= M. Anantanarayanan =

Indian lawyer and civil servant (1907–1981)

Madhavaiah Anantanarayanan (1 May 1907 – 18 November 1981),
(son of A. Madhaviah- one of the earliest Indian novelists to write in English), was an Indian lawyer and civil servant who served as the Chief Justice of Madras State (later Tamil Nadu) from 1966 to 1969.The Silver Pilgrimage (1961) is his only published novel, which is influenced by Dandin's Dasakumaracharitha or the adventures of ten princes.

== Early life ==

Anantanarayanan was born in Madras on 1 May 1907 to a Vadama Iyer Brahmin family, and had his schooling at Sir M. Ct.

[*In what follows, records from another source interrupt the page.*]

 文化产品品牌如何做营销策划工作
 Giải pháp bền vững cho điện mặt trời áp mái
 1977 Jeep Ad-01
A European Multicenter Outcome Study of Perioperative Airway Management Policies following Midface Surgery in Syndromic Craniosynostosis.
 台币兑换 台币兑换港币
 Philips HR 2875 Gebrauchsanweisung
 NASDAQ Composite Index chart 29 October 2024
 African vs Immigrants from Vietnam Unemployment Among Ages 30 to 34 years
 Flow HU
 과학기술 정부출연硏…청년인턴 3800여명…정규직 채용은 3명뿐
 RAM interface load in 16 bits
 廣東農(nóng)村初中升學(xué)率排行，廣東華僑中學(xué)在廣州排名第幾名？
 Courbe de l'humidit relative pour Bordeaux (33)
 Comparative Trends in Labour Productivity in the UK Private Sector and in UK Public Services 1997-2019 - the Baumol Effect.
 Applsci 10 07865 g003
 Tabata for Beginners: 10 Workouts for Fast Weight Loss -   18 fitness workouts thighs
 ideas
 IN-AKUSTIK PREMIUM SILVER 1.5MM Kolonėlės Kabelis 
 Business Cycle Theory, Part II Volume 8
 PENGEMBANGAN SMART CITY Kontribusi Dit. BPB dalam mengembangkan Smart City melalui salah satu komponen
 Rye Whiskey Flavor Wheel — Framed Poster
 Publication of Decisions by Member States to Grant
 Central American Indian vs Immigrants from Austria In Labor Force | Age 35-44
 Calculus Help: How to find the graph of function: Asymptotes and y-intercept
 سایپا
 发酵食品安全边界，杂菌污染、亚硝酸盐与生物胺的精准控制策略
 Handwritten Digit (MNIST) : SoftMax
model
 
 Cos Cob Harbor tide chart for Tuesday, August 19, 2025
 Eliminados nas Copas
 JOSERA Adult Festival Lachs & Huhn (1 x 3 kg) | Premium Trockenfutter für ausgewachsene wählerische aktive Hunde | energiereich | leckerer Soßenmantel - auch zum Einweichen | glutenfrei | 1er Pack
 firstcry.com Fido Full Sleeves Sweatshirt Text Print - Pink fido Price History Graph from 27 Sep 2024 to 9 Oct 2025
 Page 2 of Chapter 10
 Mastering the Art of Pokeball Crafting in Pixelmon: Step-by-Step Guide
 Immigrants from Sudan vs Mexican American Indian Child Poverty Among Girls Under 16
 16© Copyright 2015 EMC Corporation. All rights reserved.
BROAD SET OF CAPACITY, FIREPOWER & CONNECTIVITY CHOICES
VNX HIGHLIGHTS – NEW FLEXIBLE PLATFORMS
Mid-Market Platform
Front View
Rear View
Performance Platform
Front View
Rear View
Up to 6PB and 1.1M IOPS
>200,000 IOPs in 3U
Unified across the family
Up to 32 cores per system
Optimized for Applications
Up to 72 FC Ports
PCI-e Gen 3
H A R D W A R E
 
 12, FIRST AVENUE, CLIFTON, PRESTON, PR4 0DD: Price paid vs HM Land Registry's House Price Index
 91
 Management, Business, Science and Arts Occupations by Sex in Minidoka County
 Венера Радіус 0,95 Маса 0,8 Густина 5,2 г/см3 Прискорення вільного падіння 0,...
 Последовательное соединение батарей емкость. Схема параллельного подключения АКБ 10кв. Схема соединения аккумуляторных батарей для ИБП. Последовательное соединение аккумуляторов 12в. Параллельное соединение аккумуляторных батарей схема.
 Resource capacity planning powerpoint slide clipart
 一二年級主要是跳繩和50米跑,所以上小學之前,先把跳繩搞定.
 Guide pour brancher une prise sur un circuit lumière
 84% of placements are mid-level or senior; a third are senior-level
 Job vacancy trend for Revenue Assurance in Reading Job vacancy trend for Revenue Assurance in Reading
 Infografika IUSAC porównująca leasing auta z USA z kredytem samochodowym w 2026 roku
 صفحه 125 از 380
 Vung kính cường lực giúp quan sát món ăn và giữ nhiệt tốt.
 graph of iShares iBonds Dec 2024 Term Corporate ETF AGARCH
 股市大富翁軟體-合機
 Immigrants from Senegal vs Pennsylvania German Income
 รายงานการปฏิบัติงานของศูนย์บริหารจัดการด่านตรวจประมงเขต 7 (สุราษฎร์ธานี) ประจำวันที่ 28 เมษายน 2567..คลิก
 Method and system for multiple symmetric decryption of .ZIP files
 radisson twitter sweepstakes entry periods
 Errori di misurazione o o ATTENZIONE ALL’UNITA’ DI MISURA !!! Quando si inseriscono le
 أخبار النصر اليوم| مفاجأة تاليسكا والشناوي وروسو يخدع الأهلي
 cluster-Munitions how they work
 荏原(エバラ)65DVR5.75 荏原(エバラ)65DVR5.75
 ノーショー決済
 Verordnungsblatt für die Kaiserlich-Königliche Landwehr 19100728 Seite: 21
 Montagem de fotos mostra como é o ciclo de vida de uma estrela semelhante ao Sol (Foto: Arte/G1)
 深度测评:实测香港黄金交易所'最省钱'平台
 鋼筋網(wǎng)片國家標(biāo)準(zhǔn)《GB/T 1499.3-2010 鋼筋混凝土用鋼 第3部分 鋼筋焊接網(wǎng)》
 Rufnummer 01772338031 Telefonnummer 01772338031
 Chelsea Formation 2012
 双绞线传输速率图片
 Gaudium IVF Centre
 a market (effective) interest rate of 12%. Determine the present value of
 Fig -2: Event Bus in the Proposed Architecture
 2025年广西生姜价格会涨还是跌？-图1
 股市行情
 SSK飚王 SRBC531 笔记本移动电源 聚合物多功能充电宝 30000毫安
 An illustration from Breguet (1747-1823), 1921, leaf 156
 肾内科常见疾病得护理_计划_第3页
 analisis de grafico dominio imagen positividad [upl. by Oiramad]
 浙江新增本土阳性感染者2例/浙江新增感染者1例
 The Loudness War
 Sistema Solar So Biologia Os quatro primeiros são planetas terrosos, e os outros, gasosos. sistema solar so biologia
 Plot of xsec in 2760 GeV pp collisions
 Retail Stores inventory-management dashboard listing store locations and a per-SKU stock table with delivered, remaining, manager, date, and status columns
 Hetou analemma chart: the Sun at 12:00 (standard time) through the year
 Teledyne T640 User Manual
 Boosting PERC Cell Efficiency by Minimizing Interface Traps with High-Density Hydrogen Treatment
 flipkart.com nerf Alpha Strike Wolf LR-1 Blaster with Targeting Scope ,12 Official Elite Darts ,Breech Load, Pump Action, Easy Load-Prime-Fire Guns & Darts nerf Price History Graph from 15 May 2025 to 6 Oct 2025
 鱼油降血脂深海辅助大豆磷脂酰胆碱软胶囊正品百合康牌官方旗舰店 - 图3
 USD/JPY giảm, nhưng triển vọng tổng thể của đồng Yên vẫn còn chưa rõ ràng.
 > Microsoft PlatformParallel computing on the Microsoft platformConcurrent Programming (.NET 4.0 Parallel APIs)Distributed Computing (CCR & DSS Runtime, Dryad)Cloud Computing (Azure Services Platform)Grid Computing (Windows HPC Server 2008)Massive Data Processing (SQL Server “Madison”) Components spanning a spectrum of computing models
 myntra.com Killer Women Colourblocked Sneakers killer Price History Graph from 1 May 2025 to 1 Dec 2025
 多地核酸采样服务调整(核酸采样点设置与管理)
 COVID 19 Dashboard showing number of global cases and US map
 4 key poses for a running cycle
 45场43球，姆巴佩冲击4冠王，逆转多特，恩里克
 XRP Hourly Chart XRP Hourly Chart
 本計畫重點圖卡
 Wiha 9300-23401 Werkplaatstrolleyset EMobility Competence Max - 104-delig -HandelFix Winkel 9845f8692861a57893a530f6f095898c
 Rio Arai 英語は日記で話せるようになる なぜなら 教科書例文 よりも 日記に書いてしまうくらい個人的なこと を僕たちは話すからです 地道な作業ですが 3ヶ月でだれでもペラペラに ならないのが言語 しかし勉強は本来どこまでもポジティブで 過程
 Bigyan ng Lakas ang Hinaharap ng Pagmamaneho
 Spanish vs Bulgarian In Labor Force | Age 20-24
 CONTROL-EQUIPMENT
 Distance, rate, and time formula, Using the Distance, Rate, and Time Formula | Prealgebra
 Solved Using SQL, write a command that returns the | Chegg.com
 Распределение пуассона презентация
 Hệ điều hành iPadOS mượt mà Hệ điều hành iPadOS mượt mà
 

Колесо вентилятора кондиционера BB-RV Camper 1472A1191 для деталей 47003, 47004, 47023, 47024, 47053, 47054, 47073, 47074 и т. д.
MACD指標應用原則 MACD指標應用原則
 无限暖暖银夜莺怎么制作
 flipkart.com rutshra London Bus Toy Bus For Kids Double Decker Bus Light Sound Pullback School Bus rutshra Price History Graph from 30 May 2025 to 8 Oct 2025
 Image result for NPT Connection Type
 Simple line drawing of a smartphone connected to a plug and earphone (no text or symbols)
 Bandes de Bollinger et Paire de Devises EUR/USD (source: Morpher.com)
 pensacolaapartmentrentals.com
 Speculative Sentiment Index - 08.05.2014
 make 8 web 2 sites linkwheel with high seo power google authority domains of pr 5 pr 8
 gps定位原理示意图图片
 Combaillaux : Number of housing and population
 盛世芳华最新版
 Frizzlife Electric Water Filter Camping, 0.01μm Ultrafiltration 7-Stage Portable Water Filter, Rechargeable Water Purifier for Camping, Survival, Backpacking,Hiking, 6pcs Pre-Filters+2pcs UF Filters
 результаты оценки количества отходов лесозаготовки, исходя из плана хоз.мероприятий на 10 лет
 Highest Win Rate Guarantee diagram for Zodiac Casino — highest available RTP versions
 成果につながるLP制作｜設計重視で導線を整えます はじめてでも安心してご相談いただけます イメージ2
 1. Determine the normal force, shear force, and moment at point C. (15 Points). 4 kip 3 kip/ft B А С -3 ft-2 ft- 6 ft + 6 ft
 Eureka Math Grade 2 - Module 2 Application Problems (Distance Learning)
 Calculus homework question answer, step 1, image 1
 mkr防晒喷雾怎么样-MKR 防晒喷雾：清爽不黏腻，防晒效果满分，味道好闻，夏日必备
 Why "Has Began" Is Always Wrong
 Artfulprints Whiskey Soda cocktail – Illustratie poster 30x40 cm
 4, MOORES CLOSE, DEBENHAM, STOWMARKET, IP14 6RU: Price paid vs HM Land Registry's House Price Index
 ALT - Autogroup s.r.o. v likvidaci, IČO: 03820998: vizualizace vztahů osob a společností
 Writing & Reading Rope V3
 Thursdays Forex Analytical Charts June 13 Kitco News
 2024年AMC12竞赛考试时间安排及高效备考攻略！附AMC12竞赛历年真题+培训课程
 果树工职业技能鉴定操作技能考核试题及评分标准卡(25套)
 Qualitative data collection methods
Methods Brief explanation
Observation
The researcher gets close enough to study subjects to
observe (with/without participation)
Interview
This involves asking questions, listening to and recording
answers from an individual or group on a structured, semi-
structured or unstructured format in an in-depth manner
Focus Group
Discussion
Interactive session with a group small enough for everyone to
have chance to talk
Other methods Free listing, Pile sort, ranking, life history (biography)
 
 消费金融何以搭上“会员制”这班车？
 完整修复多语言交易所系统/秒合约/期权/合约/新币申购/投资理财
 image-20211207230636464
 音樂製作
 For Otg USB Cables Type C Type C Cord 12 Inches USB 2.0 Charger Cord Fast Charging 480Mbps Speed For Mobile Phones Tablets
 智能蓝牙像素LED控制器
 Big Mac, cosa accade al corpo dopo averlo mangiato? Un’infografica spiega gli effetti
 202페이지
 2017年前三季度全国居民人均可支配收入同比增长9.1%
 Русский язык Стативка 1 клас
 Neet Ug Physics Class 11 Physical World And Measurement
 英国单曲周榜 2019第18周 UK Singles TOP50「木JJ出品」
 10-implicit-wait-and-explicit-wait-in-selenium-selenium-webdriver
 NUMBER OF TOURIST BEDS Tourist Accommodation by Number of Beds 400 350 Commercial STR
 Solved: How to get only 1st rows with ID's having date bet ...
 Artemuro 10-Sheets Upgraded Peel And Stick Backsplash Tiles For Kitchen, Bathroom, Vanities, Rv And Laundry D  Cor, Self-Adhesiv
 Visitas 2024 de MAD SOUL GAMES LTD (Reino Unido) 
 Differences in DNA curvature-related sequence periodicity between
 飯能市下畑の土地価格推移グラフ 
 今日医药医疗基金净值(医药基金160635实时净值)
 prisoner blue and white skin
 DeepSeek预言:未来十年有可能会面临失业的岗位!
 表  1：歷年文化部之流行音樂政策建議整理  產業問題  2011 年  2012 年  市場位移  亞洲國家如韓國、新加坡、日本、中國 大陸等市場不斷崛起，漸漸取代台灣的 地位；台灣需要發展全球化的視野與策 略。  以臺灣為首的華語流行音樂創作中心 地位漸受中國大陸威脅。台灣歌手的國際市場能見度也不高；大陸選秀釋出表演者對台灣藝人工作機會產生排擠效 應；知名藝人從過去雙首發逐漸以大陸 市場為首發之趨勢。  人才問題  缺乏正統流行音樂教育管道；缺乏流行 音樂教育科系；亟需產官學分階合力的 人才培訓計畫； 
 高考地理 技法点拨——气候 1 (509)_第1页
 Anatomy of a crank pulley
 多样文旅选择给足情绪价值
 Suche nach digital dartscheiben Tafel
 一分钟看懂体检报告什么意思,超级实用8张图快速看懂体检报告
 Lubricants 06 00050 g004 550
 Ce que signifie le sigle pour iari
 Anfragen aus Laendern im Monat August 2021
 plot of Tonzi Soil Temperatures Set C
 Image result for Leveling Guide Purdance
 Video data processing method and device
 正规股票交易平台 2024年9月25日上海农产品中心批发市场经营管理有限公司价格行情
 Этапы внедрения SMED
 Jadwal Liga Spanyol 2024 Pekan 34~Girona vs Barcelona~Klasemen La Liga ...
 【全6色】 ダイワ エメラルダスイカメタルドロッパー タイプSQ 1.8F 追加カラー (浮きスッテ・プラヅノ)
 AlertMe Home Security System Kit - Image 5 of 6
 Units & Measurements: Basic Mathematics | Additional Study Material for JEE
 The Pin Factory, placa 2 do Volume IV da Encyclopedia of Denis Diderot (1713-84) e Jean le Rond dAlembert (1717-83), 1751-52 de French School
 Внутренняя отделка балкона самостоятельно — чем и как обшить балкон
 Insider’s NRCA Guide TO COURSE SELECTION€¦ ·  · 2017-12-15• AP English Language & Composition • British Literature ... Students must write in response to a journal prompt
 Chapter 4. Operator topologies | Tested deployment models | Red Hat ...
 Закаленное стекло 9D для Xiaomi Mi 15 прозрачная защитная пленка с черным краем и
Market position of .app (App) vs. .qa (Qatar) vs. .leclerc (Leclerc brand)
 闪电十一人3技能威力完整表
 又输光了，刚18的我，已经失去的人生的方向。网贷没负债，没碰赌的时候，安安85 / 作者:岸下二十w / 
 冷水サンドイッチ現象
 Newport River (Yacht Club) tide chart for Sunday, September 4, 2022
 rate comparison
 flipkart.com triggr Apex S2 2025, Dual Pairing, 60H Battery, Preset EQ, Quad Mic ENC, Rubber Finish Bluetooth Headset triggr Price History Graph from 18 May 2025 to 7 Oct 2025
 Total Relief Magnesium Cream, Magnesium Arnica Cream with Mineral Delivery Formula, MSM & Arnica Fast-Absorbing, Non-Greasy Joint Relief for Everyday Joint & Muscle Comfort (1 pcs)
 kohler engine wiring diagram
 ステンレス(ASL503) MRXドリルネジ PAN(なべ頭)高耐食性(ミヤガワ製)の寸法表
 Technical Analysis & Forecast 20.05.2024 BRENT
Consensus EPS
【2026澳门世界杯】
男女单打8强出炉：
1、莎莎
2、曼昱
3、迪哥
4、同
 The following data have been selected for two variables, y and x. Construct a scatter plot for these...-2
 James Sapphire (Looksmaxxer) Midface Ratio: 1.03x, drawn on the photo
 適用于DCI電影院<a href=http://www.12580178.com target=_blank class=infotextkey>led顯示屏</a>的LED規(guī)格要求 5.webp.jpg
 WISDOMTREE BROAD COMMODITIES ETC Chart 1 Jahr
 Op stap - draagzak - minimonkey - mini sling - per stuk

Muthiah High School and the Hindu High School. He did his graduation at the Presidency College, Madras and post-graduation at Gonville and Caius College, Cambridge.

== Career ==

Anantanarayanan joined the Indian civil service on 15 October 1929 and served as Sub-Collector and Joint Magistrate in various districts of the Madras Presidency. He became a District Judge on 8 March 1940 and was appointed to the Madras High Court on 10 August 1959. Anantanarayanan served as Chief Justice of Tamil Nadu from 1966 till his retirement on 1 May 1969. Anantanarayanan also served as Director of Legal Studies, Madras from 1955 to 1959.

== Death ==

Anantanarayanan died on 18 November 1981 at his son's residence in Bombay.